Applications typically do not crash server.
Indeed. It seems as if there is a further problem...
I spoke to the provider, telling them that my server crashes daily (sometimes twice daily).
After 30 mins their response was 'it is fixed now'. As I want to learn why this has happened I asked them what the fix was. Their response was:
"Hi,
ip_conntrack: table full, dropping packet
We have notice the above message in syslog, it looks like the conntrack database doesn't have enough entries for your environment. Connection tracking by default handles up to a certain number of simultaneous connections. This number is dependent on you system's maximum memory size.

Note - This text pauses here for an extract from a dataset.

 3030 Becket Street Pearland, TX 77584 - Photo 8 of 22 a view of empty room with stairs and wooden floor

We have increased the number of maximal tracked connections now in the server and there won't be any downtime now.
Thanks,"
I cant work out where they spotted this message. He said it was in the syslog file, which I believe is in \var\logs in debian. Looking in this file it seems to only show when my cron is running, showing the restart showing services starting up and that's it. The syslog.gz files (which I assume are daily rolled logs) also don't seem to mention the line that the provider mentions.

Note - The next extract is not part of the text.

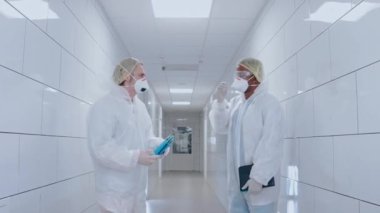 Koruyucu takım elbiseli ve maskeli doktorlar açık beyaz hastane salonunda konuşuyorlar.,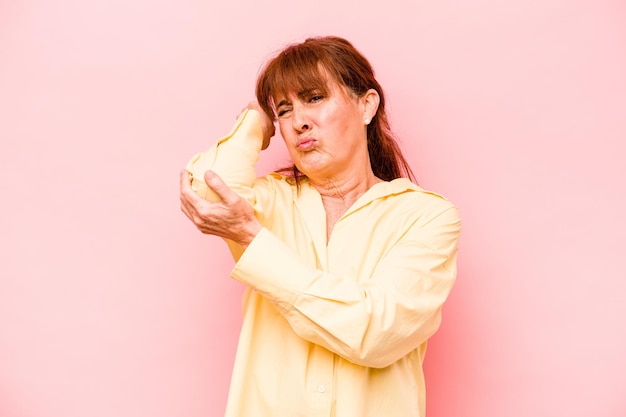 Donna caucasica di mezza età isolata su sfondo rosa con dolore al collo dovuto allo stress che massaggia e lo tocca con la mano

I am also a little sceptical that this is the fix. A few minutes after I got their reply my websites went down again and the server was unresponding. When I did get back on htop said uptime of 4 mins
I assume they are referring the syslog in the host, not in your container. I am not a linux administrator, so I can not tell whether the fix will address your problem.
Did you try to use Virtual Web Hosting? It seems to be better solution for you.
I guess it could have been talking about the host node. Wouldn't other users also be complaining to them about the same issue though?
I suppose I could use hosting rather than VPS, but I like to learn. Until now the server has been running fine.